Factual error: Why would Columbia University have the "most powerful electron microscope on the eastern seaboard" in the same lab room as it would have the spider lab, which is a biology/genetics study? Electron microscopes are useless for studying DNA. The electron beam turns molecules into sludge. All but the toughest organic samples have to be coated with metal as protection, and you can't do this with DNA.
Factual error: In the graduation scene, watch for the giant spiky orange flowers behind Norman Osborn. These are tropical birds of paradise flowers which grow all over California but would never survive in New York. [Confirmation of that: one contributor was taking a studio tour at Sony studios in Culver City, CA on March 26, 2001, and saw the filming of the graduation scene, complete with Tobey and Kirsten zipping by sitting side-by-side in the jump seat of a golf cart.]
Factual error: During the bridge scene, when the Green Goblin first holds Mary Jane by her throat, his left thumb is visible. All further shots show no thumb under Mary Jane's chin. Actually, the left hand then seems to be holding Mary Jane by her right shoulder. Even when Mary Jane, who is not a super-human, is held by her throat, she is able to move her head, look down and scream.

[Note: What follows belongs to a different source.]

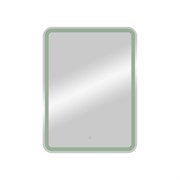 Зеркало-шкаф Art&Max PLATINO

Factual error: When Spider-Man is hanging under the bridge holding the cable car and the Goblin charges at him the final time, he gets hit on the head by a gas can presumably thrown by one of the motorists watching from the bridge. However, for the can to have hit when and where it did, it would have had to curve out and around a four foot railing and some ten feet of concrete and steel before making its way underneath the bridge and some distance in to strike the Goblin. Not only was this an incredible curve ball that was precisely aimed at a target not directly visible by the person who threw it, but it still managed to impact with enough force to knock the Goblin off course.
Factual error: In the museum, Peter and his friends are real-time videos of live, moving biological specimens shot through 'the largest electron microscope on the Eastern seaboard'. You can't film live specimens in an electron microscope. The electron beam only works in a vacuum chamber, in which the specimen - invariably dead - is held. The microscope is identified as a scanning electron microscope - current technology - and nobody can fire an electron stream through air. The electrons will collide with gas molecules and scatter, ruining the image.